DATA EXCERPT:
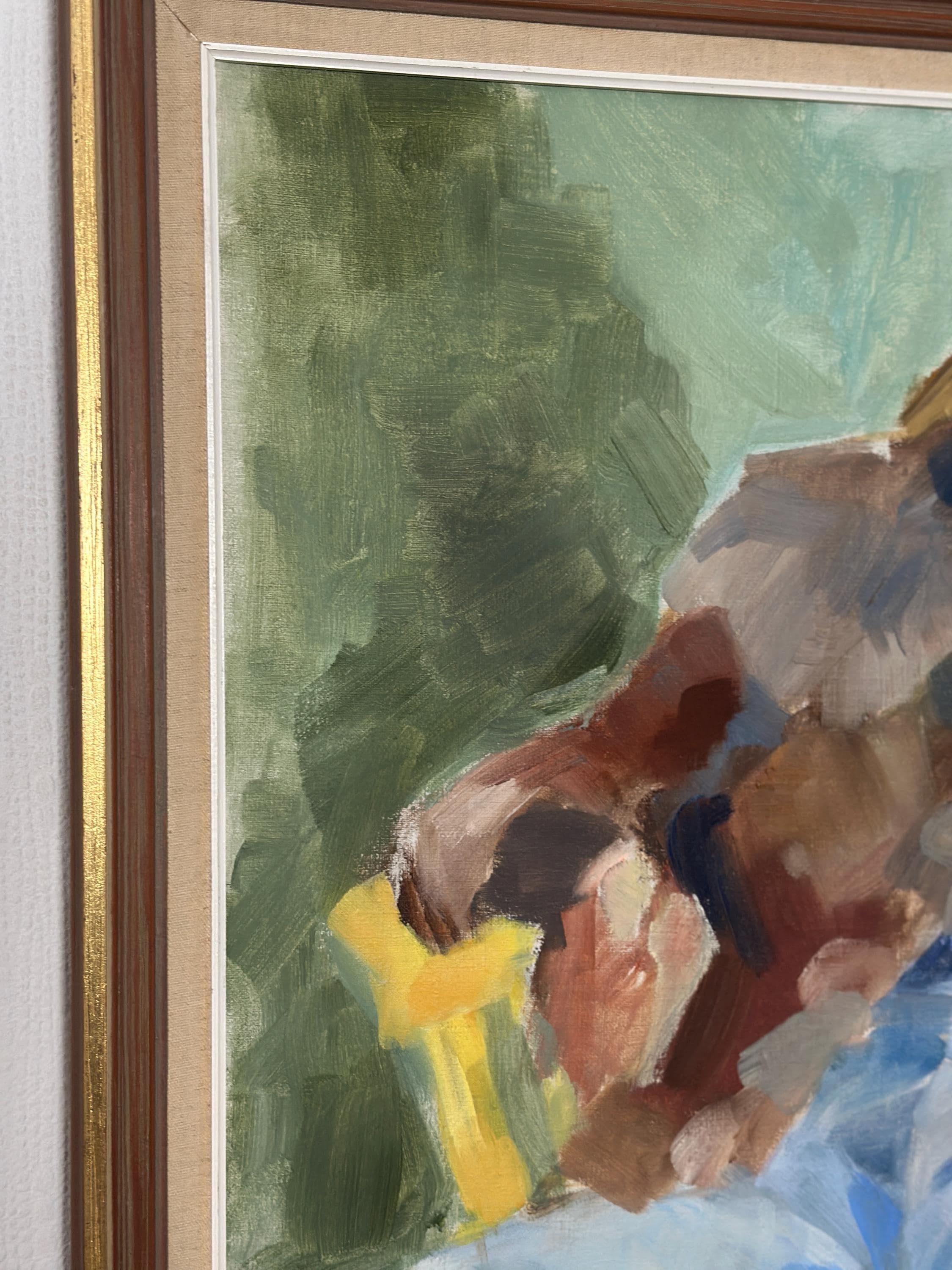 “Sandberg” – Kia Kinell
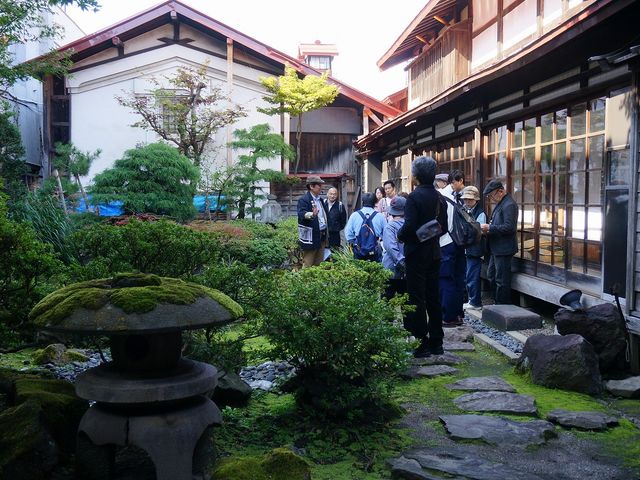 NPO法人横町十文字まちそだて会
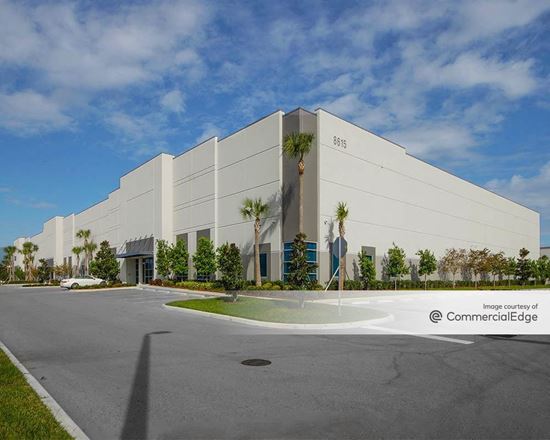 Preview of Industrial space for Rent at 8515 126th Avenue North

EXERCISE DIRECTIONS:
Would you please set down the data above again exactly, without its pictures?

RESULT:
 “Sandberg” – Kia Kinell
 NPO法人横町十文字まちそだて会
 Preview of Industrial space for Rent at 8515 126th Avenue North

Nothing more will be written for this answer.